REQUIREMENT
Search the data for the word "InternationalDayForVictimsOfTerrorism". Reproduce every line where it is found.

Brief descriptive captions:
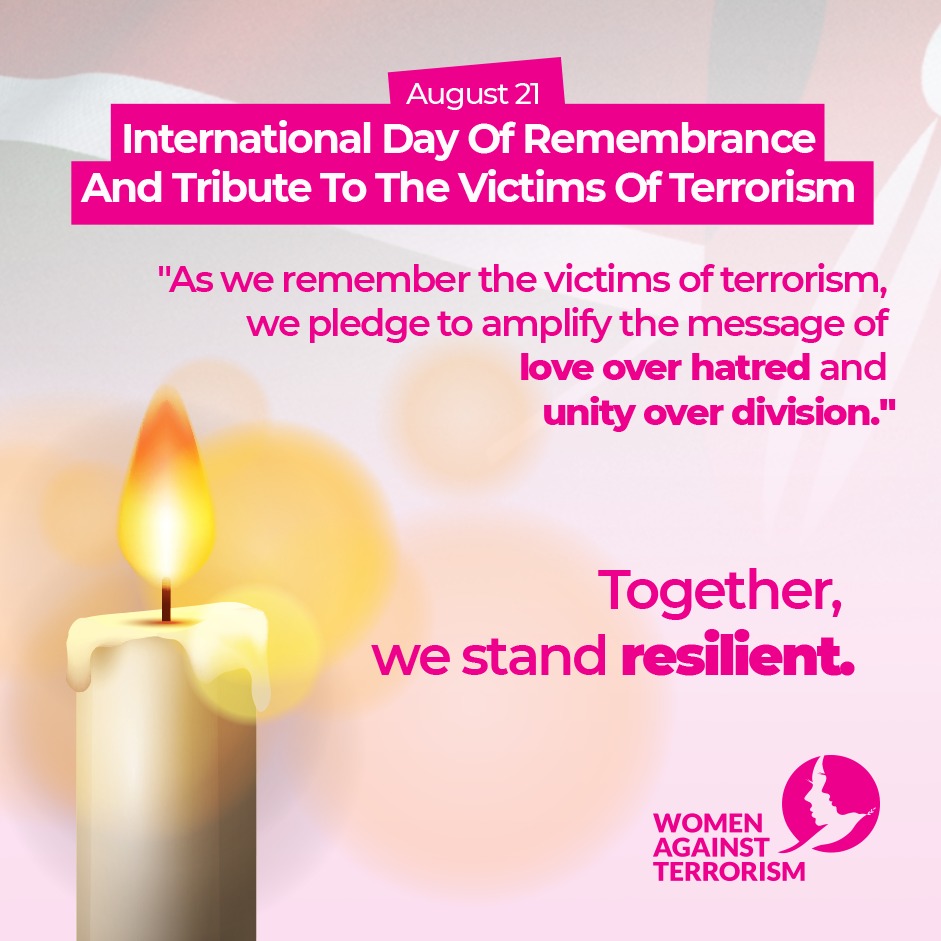 Women Against Terrorism (@wat_kenya) on Twitter photo We gather as one to pay tribute to those we've lost & to commend the strength demonstrated in challenging times on this International Day of Remembrance and Tribute to the Victims of Terrorism. <a href="/NCTC_Kenya/">NCTC Kenya</a>
#InternationalDayForVictimsOfTerrorism #EmpoweredAgainstViolentExtremism We gather as one to pay tribute to those we've lost & to commend the strength demonstrated in challenging times on this International Day of Remembrance and Tribute to the Victims of Terrorism. <a href="/NCTC_Kenya/">NCTC Kenya</a>
#InternationalDayForVictimsOfTerrorism #EmpoweredAgainstViolentExtremism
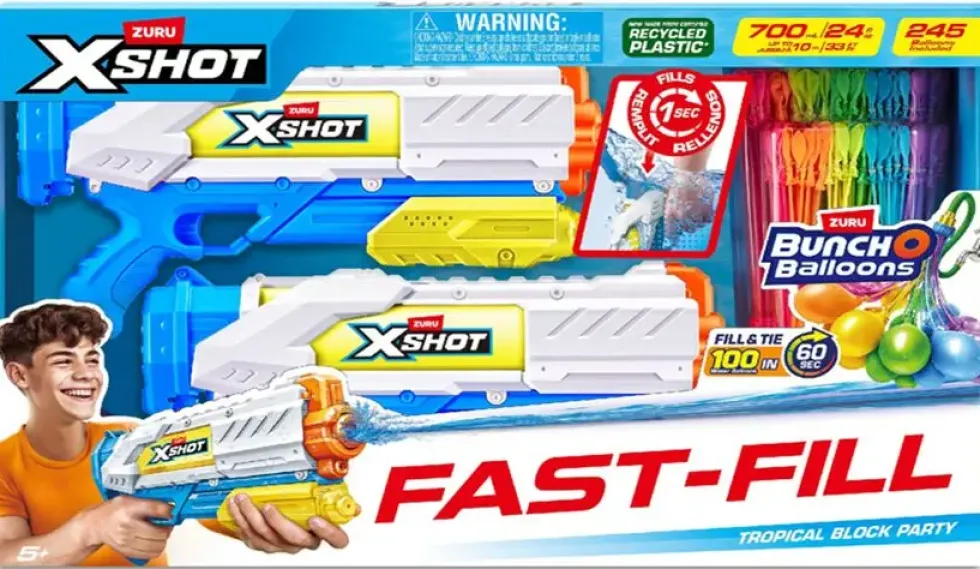 XSHOT WATER FAST-FILL 2 MEDIUM BLASTERS ET 7 BUNCH O BALLOONS TROPICAL PARTY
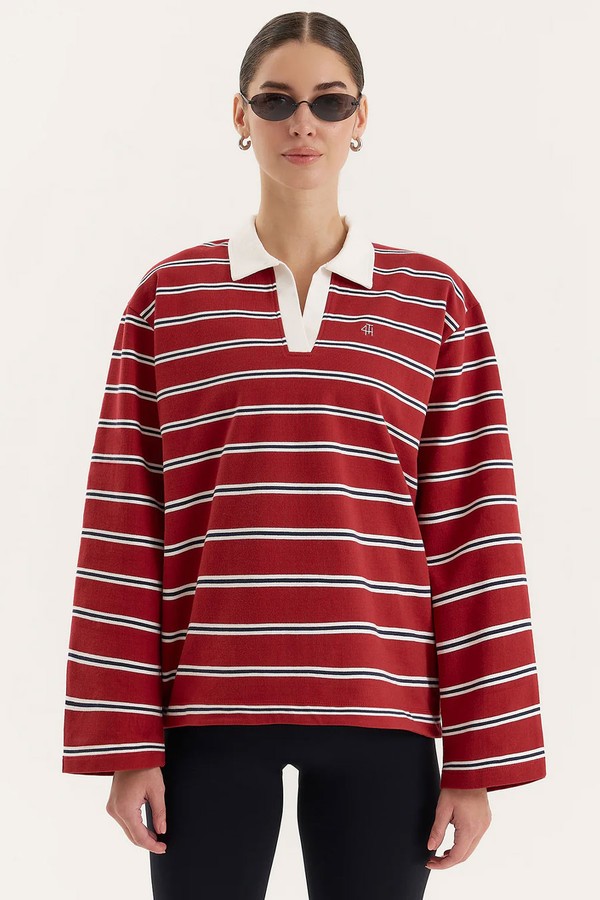 Alicia Multi Stripe Oversized Rugby Top from 4th & Reckless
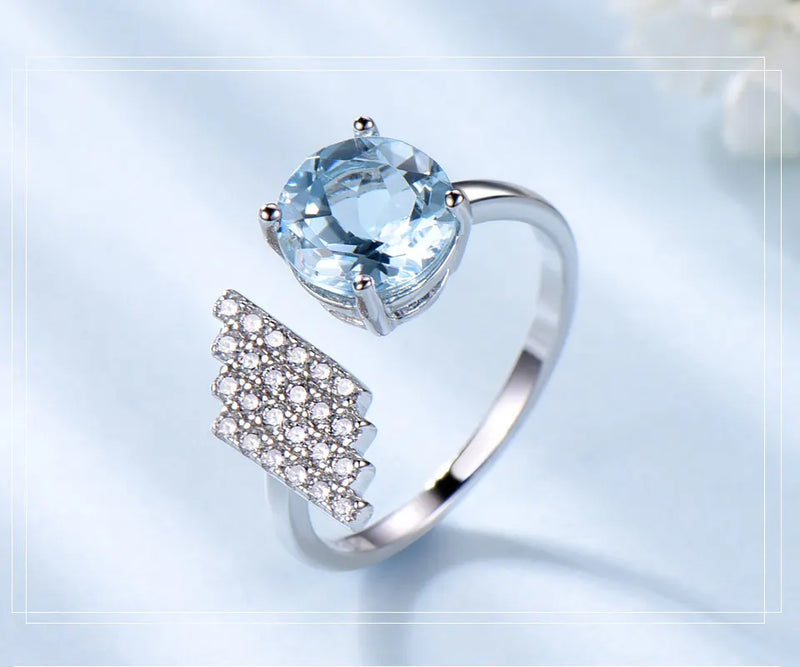 925 Sterling Silver Sky Blue Topaz Adjustable Ring for Women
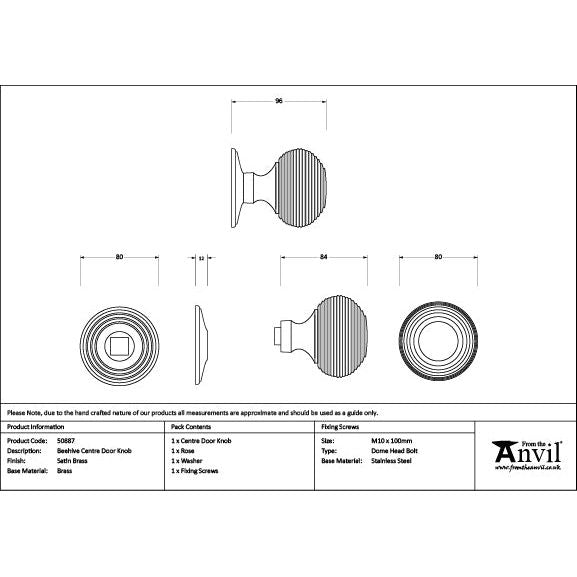 From The Anvil - Satin Brass Beehive Centre Door Knob - Satin Brass  - 50887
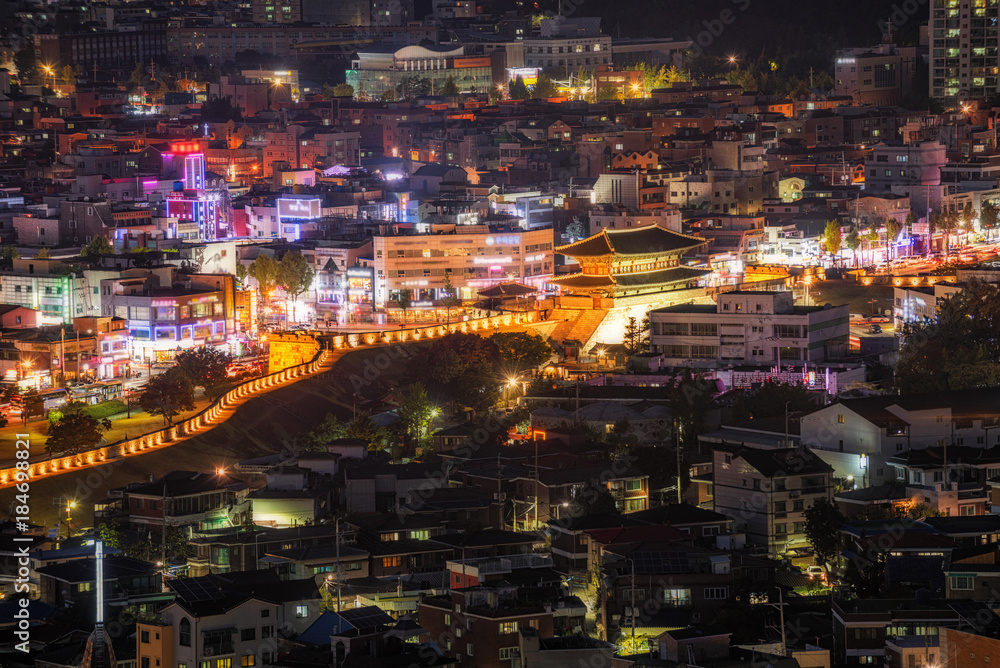 Hwaseong Fortress and Suwon city at night, South Korea.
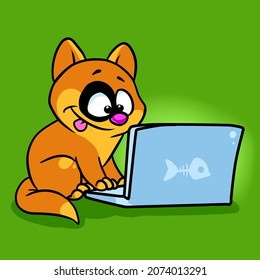 Joy Cat Looking Computer Laptop Illustration Cartoon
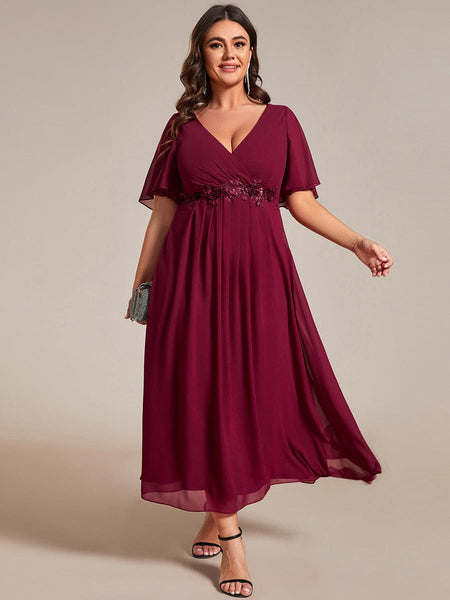 Women's Burgundy Chiffon Plus Size Wedding Guest Dress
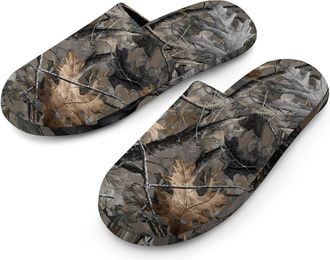 Generic Brown Camouflage Hunting Wilderness Mens House Slippers Slip Indoor Slipper On Shoes Warm Outdoor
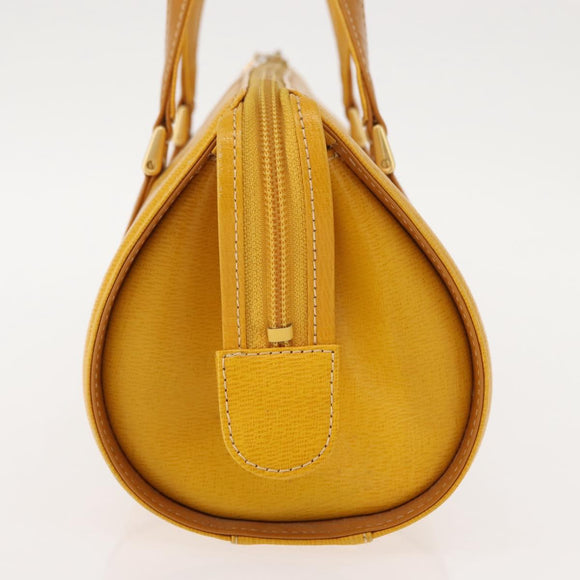 Burberrys Shoulder Bag Leather Yellow Gold Auth 130822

EXERCISE ANSWER
#InternationalDayForVictimsOfTerrorism #EmpoweredAgainstViolentExtremism We gather as one to pay tribute to those we've lost & to commend the strength demonstrated in challenging times on this International Day of Remembrance and Tribute to the Victims of Terrorism. <a href="/NCTC_Kenya/">NCTC Kenya</a>
#InternationalDayForVictimsOfTerrorism #EmpoweredAgainstViolentExtremism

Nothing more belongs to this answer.